Ten Times More Efficient Oxygen Generation on Mars

Ivan Ermanoski, Arizona State University, has NASA NIAC funding to evaluate, computationally and experimentally, the feasibility of a process–thermal swing sorption/desorption (TSSD)–to generate oxygen from the Mars atmosphere with 10x less energy than the state of the art, and bring other breakthrough performance improve-ments.

The basis for TSSD is a two-step thermally-driven cycle operating below ~260 C. One of the critical challenges of human Mars missions is the need for in-situ resource utilization (ISRU), especially oxygen–both as Mars Ascent Vehicle (MAV) propellant, and for life support. In addition to the MAV and habitation (same ISRU unit), a baseline “commuter” Mars architecture also envisions small, pressurized rovers for mobility and science.
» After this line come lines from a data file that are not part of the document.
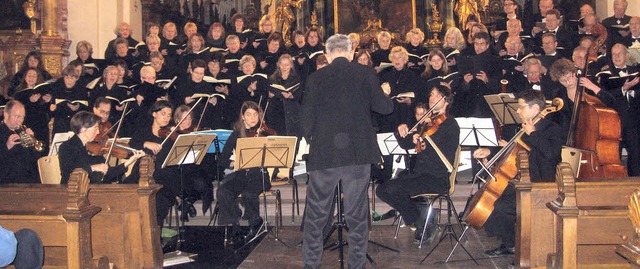 Rolf Schweizer dirigiert in der Waldki... Elztalkantorei und Elztalsinfonietta.  | Foto: Hildegard Karig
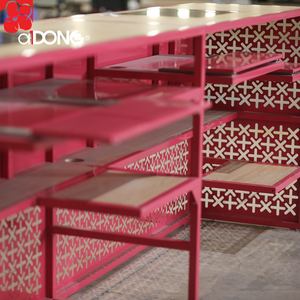 Exhibidores Metálicos Perforados Modernos para Comercios, Resistentes, con Base para Piso, 3 Estantes, Altura Ajustable, Servicio OEM Disponible en Vietnam - Product Image 2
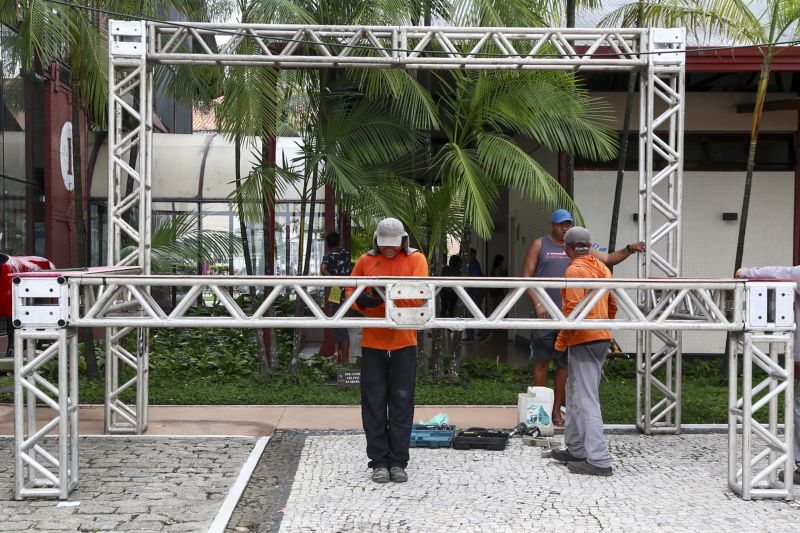 Serão oito horas de celebração do Ano Novo, com diversas atrações animando o público em dois palcos montados na orla do complexo turístico, gastronômico e cultural. <div class='credito_fotos'>Foto: Alex Ribeiro / Ag. Pará   |   <a href='/midias/2019/originais/5831_4bde0dff-a295-1d93-7f35-f181b4d30c3f.jpg' download><i class='fa-solid fa-download'></i> Download</a></div>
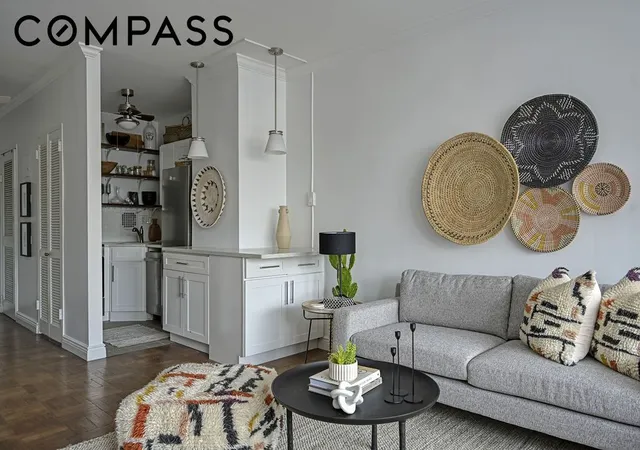 Photo 3 of Sale Pending at 300 E 74th Street #6D, New York, NY 10021 | MLS# RLS20088422 | Listing updated on 2026-09-14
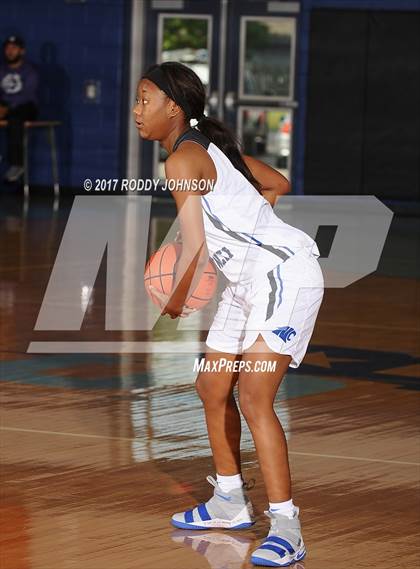 Thumbnail 1 in North Crowley vs. North Shore (McDonald's Texas Invitational) photogallery.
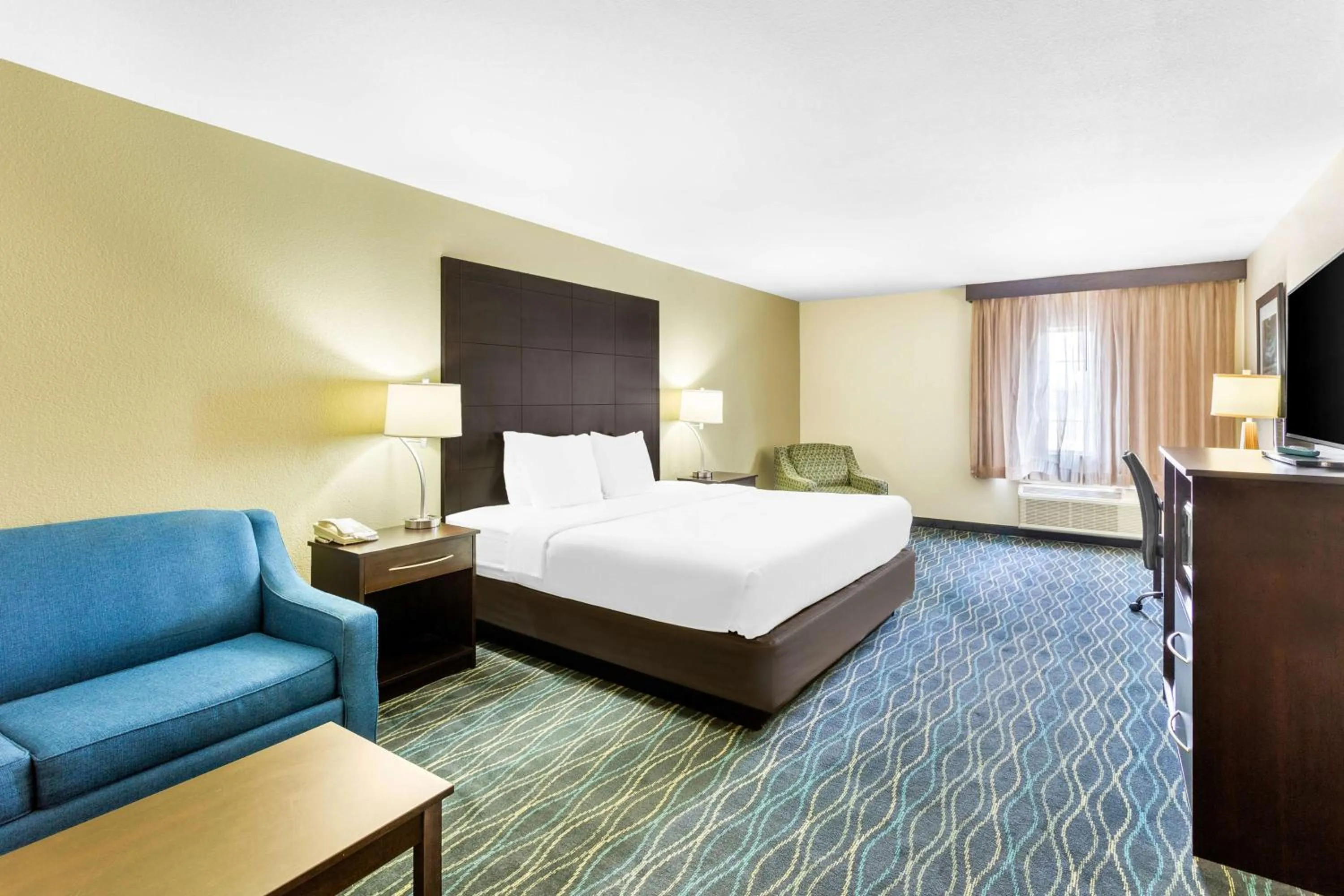 Bedroom, Bed in Best Western Oglesby Inn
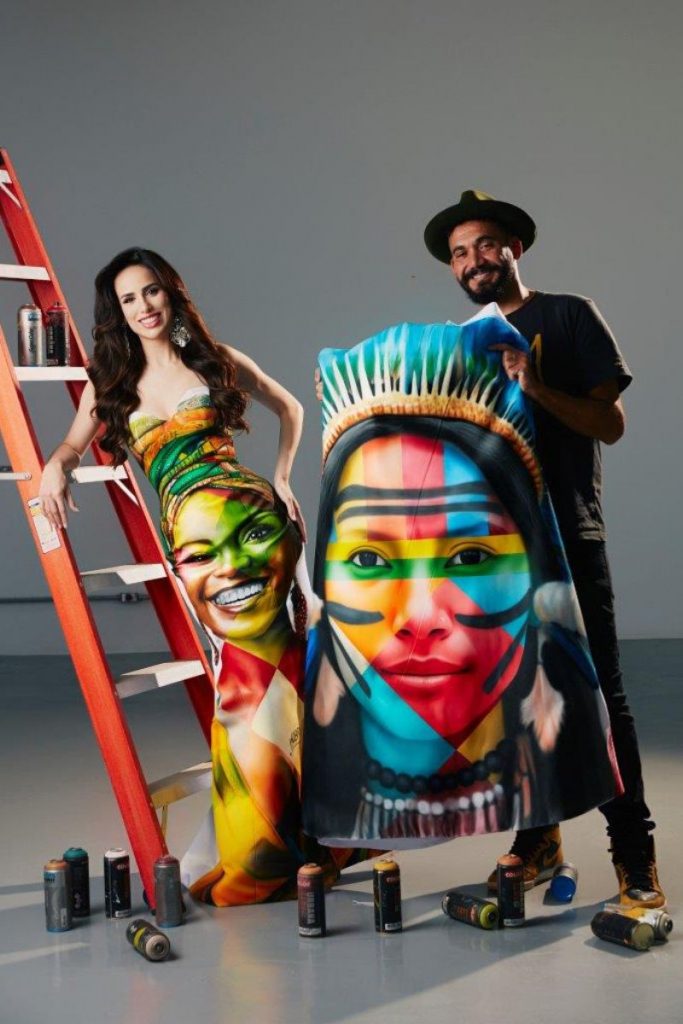 Frente e verso do vestido de Mia Mamede, pintado por Eduardo Kobra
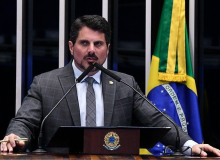 Senador bolsonarista reclama do salário de R$ 33,7 mil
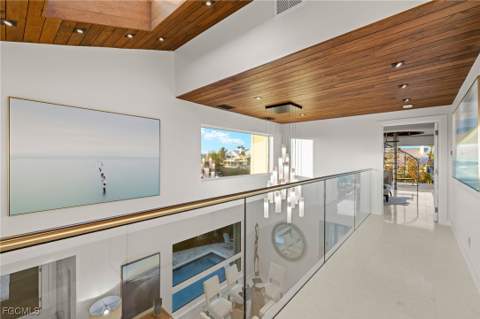 1290 Bay Dr, Sanibel FL - photo 19 of 44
Reliable, portable oxygen generation could extend rover endurance, broaden the exploration zone from the habitation area, and increase the number of science and resource regions of interest accessible permission. Further, larger exploration zones ease the tradeoff between landing site appeal (low risk to astronauts) and proximity to regions of interest (mission success). While desolate to humans, the Martian atmosphere nonetheless contains oxygen.
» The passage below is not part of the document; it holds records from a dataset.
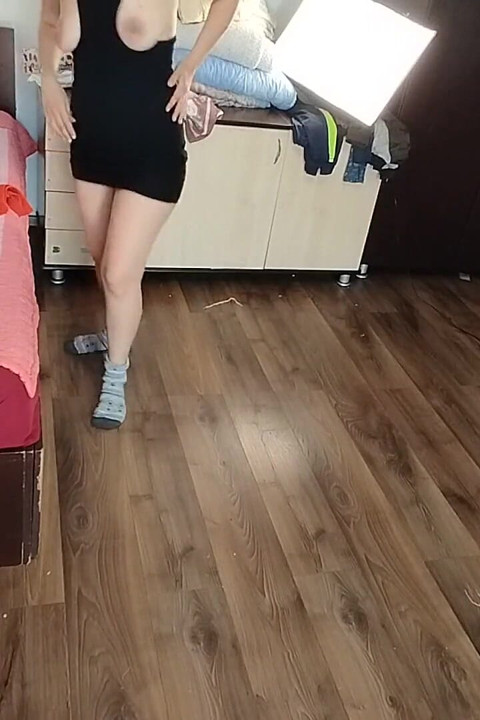 Amateur Wife Dancing Around the House Naked, Big Nipples, Big Ass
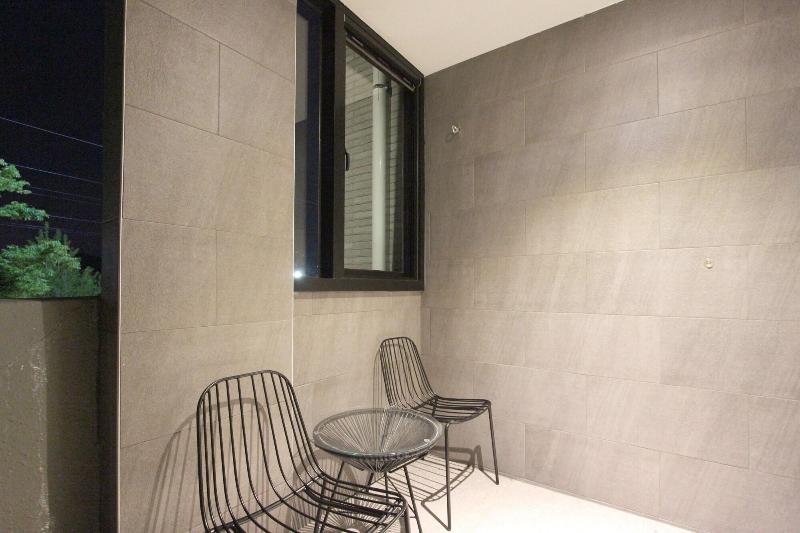 Seven Bricks Hotel image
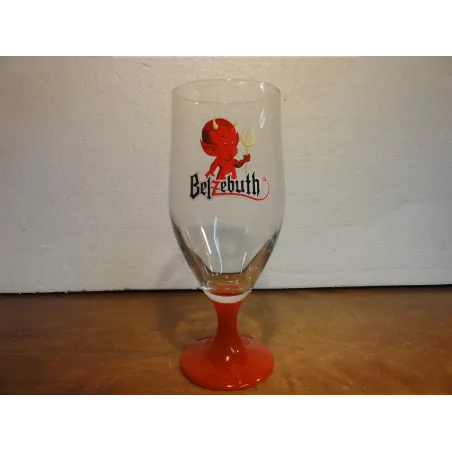 1 VERRE BELZEBUTH 33CL  HT. 18.30CM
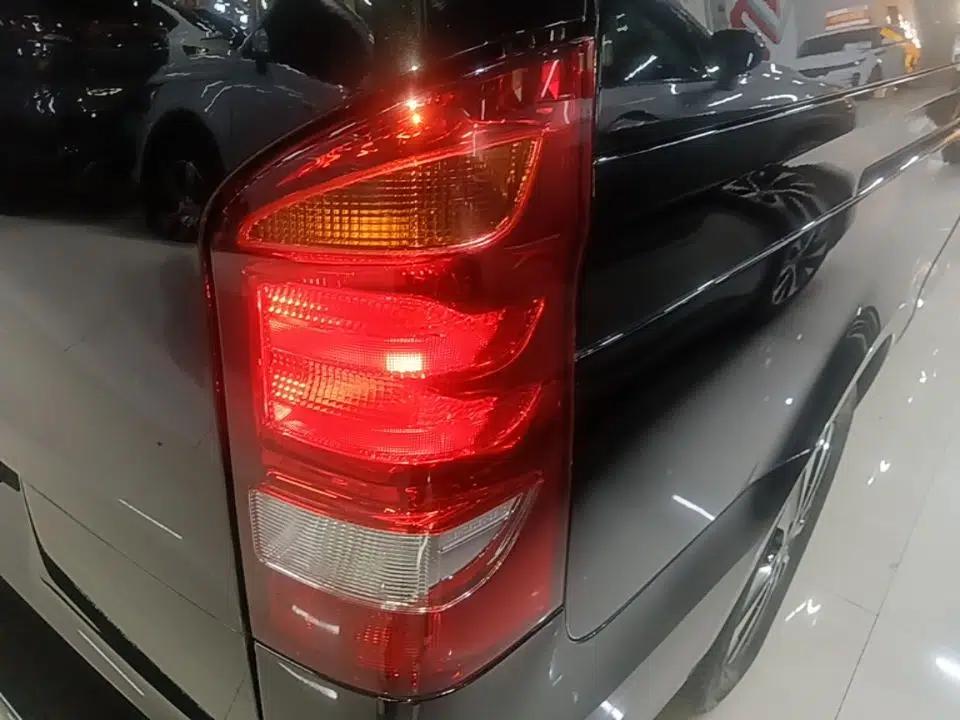 Mercedes-Benz Vito 2023 2.0T Elite Version 7 Seats — миниатюра 9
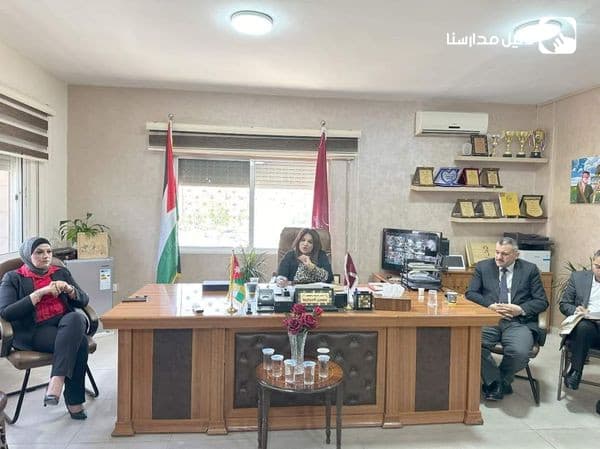شارك المدير العام لأكاديمية بيرل الدولية الأستاذ خالد القيسي بالإجتماع الذي اقامته عطوفة مديرة التربية والتعليم للواء وادي السير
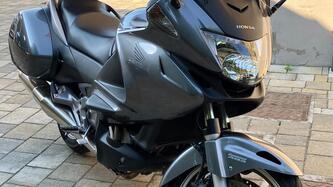 Honda Deauville 700 ABS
this approach is motivated by thermodynamics: the minimum theoretical work to separate oxygen from the Mars atmosphere is ~30-50 times lower than to obtain it by splitting carbon dioxide. Efficiency: TSSD is expected to be ~10x more efficient than MOXIE. For MOXIE, the target power requirement for oxygen propellant production is 30 kW. The TSSD estimate is only 4 kW; i.e., 90% less than MOXIE. Applying TSSD in rovers, the estimated power for oxygen production is only ~50 W/person. These advantages expand further if the input is heat, rather than electricity. Flexibility: TSSD has startup times of minutes (versus hours for MOXIE), and is inherently capable of handling intermittencies and restarts. Sealant limits in MOXIE strongly constrain transient tolerance. Simplicity and robustness: TSSD is exceedingly simple, inexpensive, and robust, with no moving parts, and long life. Unlike MOXIE, TSSD is not susceptible to carbon deposition. The maximum process temperature is ~260 C vs. 800 C for MOXIE. If successful as envisioned, TSSD will be a giant leap in Mars ISRU capabilities and can be expected to significantly improve and de-risk human Mars exploration. The potential to expand considerably the exploration zone is especially exciting, as it would allow a far more comprehensive Mars exploration program than currently envisioned. Furthermore, TSSD-based Mars ISRU could pave the way for ISRU in many other environments of interest (e.g. Venus, Europa, or Titan), and ISRU of other gases of interest, such as water (vapor), nitrogen, and carbon monoxide.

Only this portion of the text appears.